10-Country Survey Reveals Nearly One in Four Adolescents Living with Obesity Do Not Know They Have Obesity

The following is excerpted from an online article posted by MedicalXpress.

New research from 10 countries presented at this year’s European Congress of Obesity (ECO) shows that nearly one-quarter of adolescents living with obesity (ALwO) (24%) do not know they have obesity. However, most surveyed (85%) are worried about the impact of their weight on their future health. Many struggle to talk to even those closest to them about their weight status and two-thirds feel it is their sole responsibility to deal with their excess weight.

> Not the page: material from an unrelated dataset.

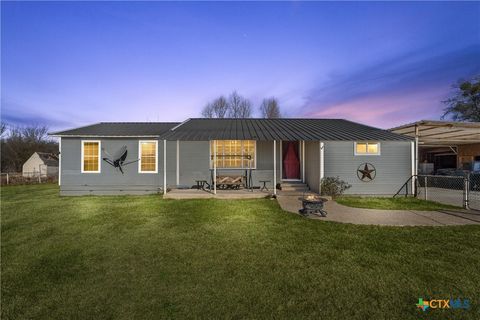 Photo of 239 Wildwood Avenue, Elm Mott, TX 76640 (MLS # 607341)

A total of 5,275 ALwO (aged 12-<18 years), 5,389 caregivers (CGs), and 2,323 healthcare professionals (HCPs) were surveyed via an online panel, telephone calls, and in-person meetings on a wide range of topics, including attitudes towards obesity and its impact, the number of weight loss attempts and motivations/barriers to weight loss. HCPs were most likely (89%) and CGs least likely (67%), to indicate obesity has a strong impact on a person’s overall health and well-being, with ALwO in between at 72%. Most participants thought obesity was at least as, or more, impactful than heart disease, cancer, or diabetes, among other conditions.

While more than half (58%) of ALwO had tried to lose weight in the past year, three-quarters 75% of ALwO were somewhat/very likely to attempt to lose weight in the next 6 months. Fewer CGs reported that their ‘linked’ ALwO attempted weight loss (WL) over the past year (41%) and that their ALwO was somewhat/very likely to attempt to lose weight in the next 6 months (63%). HCPs indicated that 38% of their ALwO patients had made a serious WL attempt in the past year.

Regarding motivation for ALwO to lose weight, the most commonly reported motivators for ALwO were wanting to be more fit/in better shape (40%), not being happy with their weight (37%) and wanting to feel more confident (35%).

The top three barriers to losing weight reported by ALwO were not being able to control hunger (38%), lack of motivation (34%), and enjoying eating unhealthy food (32%).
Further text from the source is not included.